A regulatory push to prevent monopolies in emerging tech sectors could blow up the largest gaming deal in history.
Microsoft’s $68.7 billion deal to acquire Activision Blizzard faces a fraught path to regulatory approval in both the U.S. and U.K.
- The Federal Trade Commission is reportedly concerned that the deal could allow Microsoft to hold a dominant position in the emerging cloud gaming sector.
- Microsoft may pledge to allow gaming rivals continued access to top Activision Blizzard titles such as “Call of Duty” and “World of Warcraft.”

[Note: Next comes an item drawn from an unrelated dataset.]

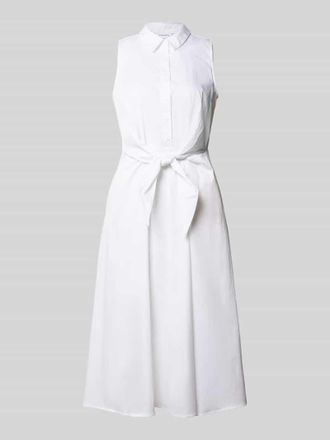 Comma Hemdblusenkleid aus Satin in Midil&auml;nge in Weiss, Gr&ouml;&szlig;e 34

- FTC Chair Lina Khan hasn’t commented specifically on Microsoft’s deal but said the agency is taking a hard look at cases where companies use mergers to maintain or establish market dominance in times of technological transition.
The deal is also under scrutiny from the U.K.’s Competition and Markets Authority and the Australian Competition & Consumer Commission.
Market Pressure
One of the world’s best-known investors is banking on the deal going through.
Warren Buffett’s Berkshire Hathaway has steadily increased its stake in Activision Blizzard to at least 9.5% of the company in the hopes of cashing in at Microsoft’s agreed-to price of $95 per share. Activision’s price of $74.72 still represents some skepticism among investors that the deal will go through.
This year has been rough on Microsoft, as the tech giant’s stock has dropped around 28% in 2022. The company’s market cap has fallen to $1.8 trillion.